= John Kerr (broadcaster) =

Australian radio announcer

John Kerr (born 19 February 1942) is an Australian radio announcer.

Radio announcer John Kerr

John Kerr previously hosted the top-rated weekend edition of the New Day Australia program from midnight to 6 am on 2UE and the Fairfax Radio Network as well as many regional affiliate stations.

Between 1994 and 2005 John hosted the weekday version of New Day Australia. In 2006, his on-air shift was changed to the weekend edition of the show. Radio announcer Stuart Bocking replaced John in the weekday shifts of New Day Australia.

On 1 December 2012, during his 2UE show, John Kerr announced his retirement from radio after 55 years on the air, 18 of which have been on the overnight shift at 2UE, first on weekdays and now on weekends. John made a private announcement to a select number of his biggest fans at a listener lunch in Sydney yesterday afternoon. John remained on air until the Australia Day weekend. His final show was broadcast on the morning of Sunday 27 January 2013.

John Kerr's syrupy voice and warmth of feeling were characteristic of New Day Australia.
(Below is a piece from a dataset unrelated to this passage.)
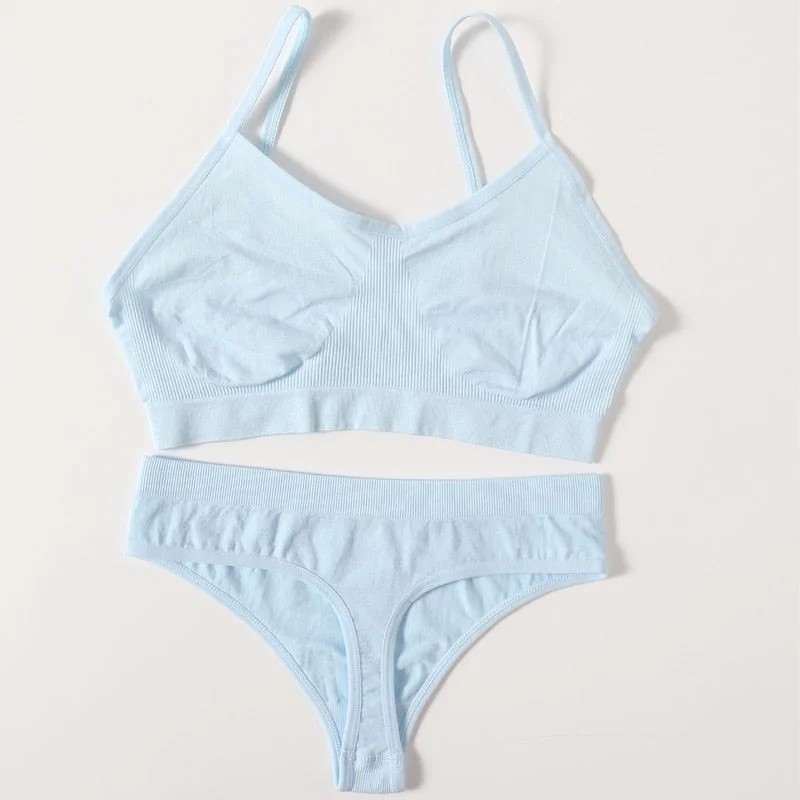 2PCS Women Bra Set Seamless Underwear Sexy Female Bralette Top Backless Bra Thong Panties No-Wired Brassiere Home Lingerie Set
One of the more memorable if controversial features of his time running this segment was the recurrence with which he was made to field phone calls about Australian singer-songwriter, John Farnham, between 2005 and 2010. A portion of these conversations have been posted to YouTube.

== Career ==
- 1957: John started off in radio working behind the scenes for the Jack Davey Show.
- 1958: John became a cadet announcer with radio 2PK Parkes.
- 1959: Moved to 2DU Dubbo.
- 1960: Became the breakfast announcer for 2CA Canberra In this role, John made appearances on television station CTC 7 (now 10 Regional).
- 1966: John moved to Canada and worked with BOAC (now British Airways), after six months he visited Scotland and became part of pirate radio and joined Radio Scotland, where he stayed until it closed 18 months later.
- 1967: John returned to Australia and worked briefly for Channel 9 before joining 2UE for five and a half years.
- 1973: John went back to Canberra briefly, before moving to Gosford where he hosted the 2GO breakfast show for 13 years.
- 1986: John left radio to start a public relations company
- 1994: John was asked by 2ue's station management to rejoin Radio 2UE as the host of the New Day Australia program on weekdays between midnight and 5 am.
- 2006: John was moved to the weekend version of New Day Australia.